A spokesman for the state Department of Economic Development said it's too late under board rules to add new items.

“We do have to hear from the company that they are ready to appear before the board,” spokesman Gary Perriloux said. He added that ExxonMobil has not yet requested that the items be heard.

ExxonMobil spokeswoman Stephanie Cargile noted “ExxonMobil’s applications were never on the Oct. 31 Board of Commerce and Industry agenda, so we are curious why Together Baton Rouge and the teachers unions chose that day to walk out.”

The state board's next scheduled meeting is not until Dec. 10.

The school employee groups have been most focused on increasing pay for school employees — they last received an across-the-board pay raise in 2008 — but they are also calling for smaller class sizes, better technology, new school buses, updated school buildings and early childhood education.

Speaking with reporters Wednesday, right as the education coalition called off the Oct. 31 walkout, Superintendent Drake said he’s committed to having schools stay open if and when some employees decide to walk off the job.

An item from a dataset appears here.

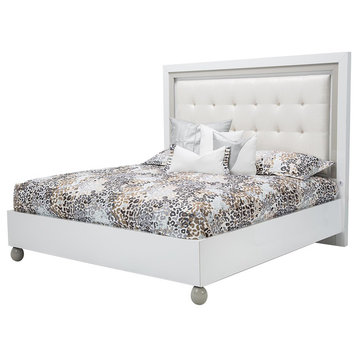 Aico Sky Tower California King Upholstered Platform Bed, White Cloud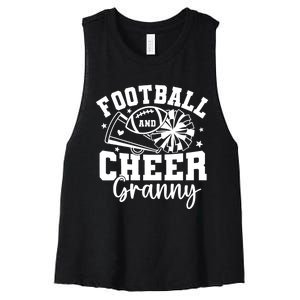 Football And Cheer Granny Football Mom Cheer Grandma Women Women's Racerback Cropped Tank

“We’re going to have school, our intention is to have school, and I think that the bulk of the teachers and employees will do the right thing," Drake said Wednesday afternoon. “We are on the same page with our employees: We want you to have more money, but there is a right way to go about doing this and this is not it.”

Drake pointed out that the school system has taken big steps already to improve employee salaries, including budgeting an additional $4.3 million to salaries last summer, and more recently $3.9 million for a one-time $500 pay hike that employees will receive Nov. 21.

“Whatever happened to, 'Thank you?' I don’t hear much of that,” Drake said.

For employees who do decide to skip work, it might be treated as an unexcused absence that those employee could have to make up at a later date, Drake said.

If the state board ultimately approves the ExxonMobil requests, the parish School Board, Metro Council and Sheriff Sid Gautreaux would have up to 60 days to consider whether to say yea or nay to the portion of the property tax that applies to them. The Metro Council had been expected to consider updated guidelines to its ITEP review process Wednesday night, but deferred action.

The outstanding exemption requests cover $152 million worth of property, which ExxonMobil has noted is just part of $269 million in total investment the corporate giant has made in Baton Rouge. In a statement Tuesday night, Cargile defended the exemption requests, saying that "the actual tax revenue far exceeds the abatement.”